The album received mixed to positive reviews by critics. Rolling Stone's Will Hermes considered the album a Latin pop version of Supernatural and that its music "remains an unmistakable, undeniable sound". Thom Jurek from AllMusic felt "Santana actually sounds hungry again" and stated that "while some of these cuts are forgettable, his inventive engagement with Latin pop here is not only successful, but satisfying". Billboard's Leila Cobo considered the album to be guitar-driven despite the many vocalists. Overall, she praised the album, but pointed a few songs that she considered not to have worked, such as "Feel It Coming Back", in which she felt that Diego Torres struggled with the language; and "Indy", in which Miguel's improvisations "lack structure and tend to meander". Jeremy Williams-Chalmers from So So Gay felt the album might "be the record that finally knocks Supernatural off its throne as Santana's definitive release" and considered it to be "everything a Santana record needs to be", while joining Cobo on criticizing Torres' English skills. The Independent's Nick Coleman said the album "contains a brightly recorded, punchy collection of 'Latin' beats and melodies, plus some rock, featuring a handful of distinguished guests and the familiar overflying drone of Carlos's own guitar obbligati" and that it "is certain to be a hit in its target territories".

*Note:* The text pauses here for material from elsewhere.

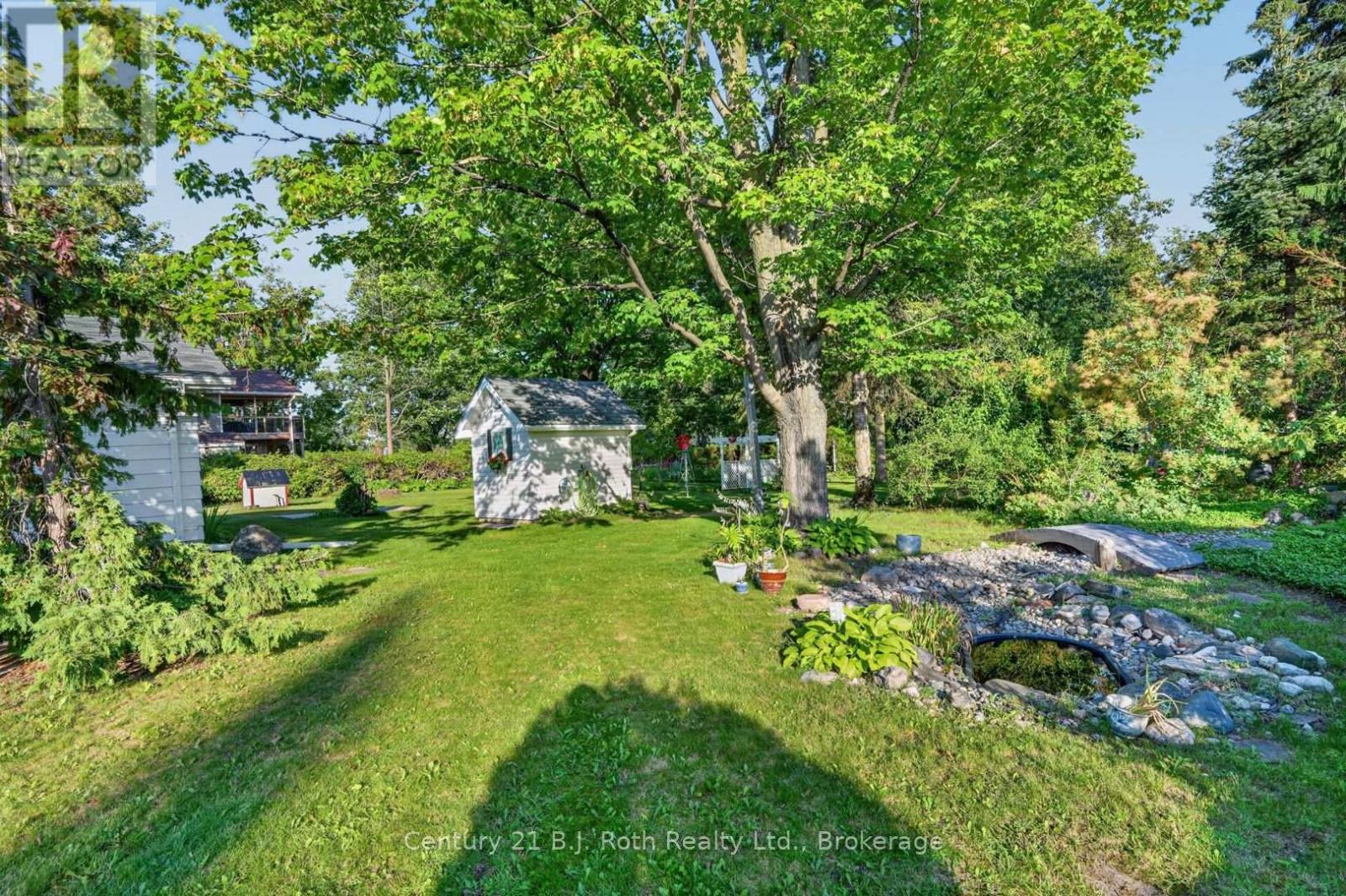 2381 11 HIGHWAY - Image 33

Relix's Bill Murphy considered Carlos Santana's guitar playing in the album to be the "best he's done in decades" and felt that "where too many cooks may have overwhelmed Supernatural, Corazón simmers with spicy variety". Jon Pareles, writing for The New York Times, considered the songs to be radio-aimed and described the contrast between Santana's guitar and the guest singers vocals as follows: "The way Mr. Santana answers the lyrics and grapples for the foreground until verse and chorus gave way to full-fledged guitar solos is the audio equivalent of photobombing the lead vocal. Luckily, Mr. Santana's guitar can be as impassioned as any singer's voice." However, he considered some tracks (such as "Oye 2014" and "Yo Soy La Luz") to be "awkward moments".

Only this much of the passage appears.